Linux-mm Archive on lore.kernel.org
 help / color / mirror / Atom feed

* [PATCH RFC] mm/kmemleak: avoid soft lockup when scanning task stacks
@ 2026-06-11 12:45 Breno Leitao
  2026-06-12  1:10 ` SeongJae Park
  2026-06-12  3:16 ` Lance Yang
  0 siblings, 2 replies; 4+ messages in thread
From: Breno Leitao @ 2026-06-11 12:45 UTC (permalink / raw)
  To: Catalin Marinas, Andrew Morton
  Cc: linux-mm, linux-kernel, kernel-team, Breno Leitao

kmemleak_scan() walks every thread and scans its kernel stack under a
single rcu_read_lock() with no reschedule point.
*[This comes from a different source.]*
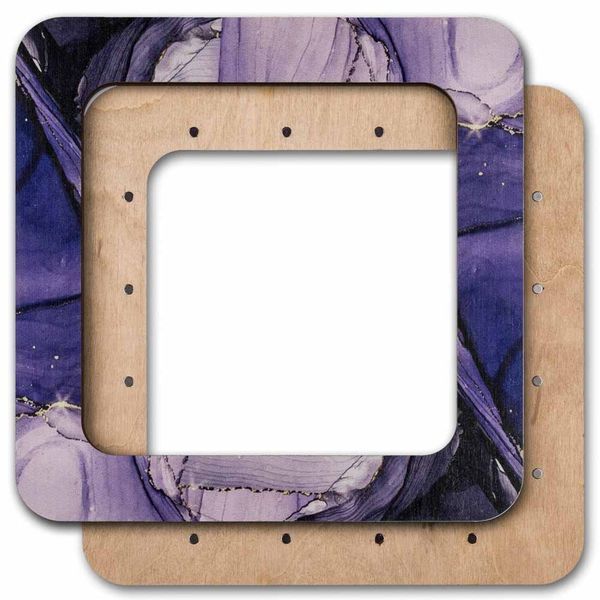 Magnetic Embroidery Frame (14 &times; 14 cm inner size) FLMP-018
On a host with very
many threads -- amplified by KASAN/lockdep in debug builds -- this loop
can hog a CPU long enough to trip the soft lockup watchdog:

  watchdog: BUG: soft lockup - CPU#35 stuck for 22s! [kmemleak:537]
   scan_block
   kmemleak_scan
   kmemleak_scan_thread
   kthread

A cond_resched() cannot be added directly: the loop runs inside an RCU
read-side critical section.

Split the scan in two parts:

1) get the list of tasks (with RCU read lock) in an array
2) run scan_block() for the tasks (with cond_reschd()).

Is it a sane approach?

Signed-off-by: Breno Leitao <leitao@debian.org>
---
 mm/kmemleak.c | 26 ++++++++++++++++++++++----
 1 file changed, 22 insertions(+), 4 deletions(-)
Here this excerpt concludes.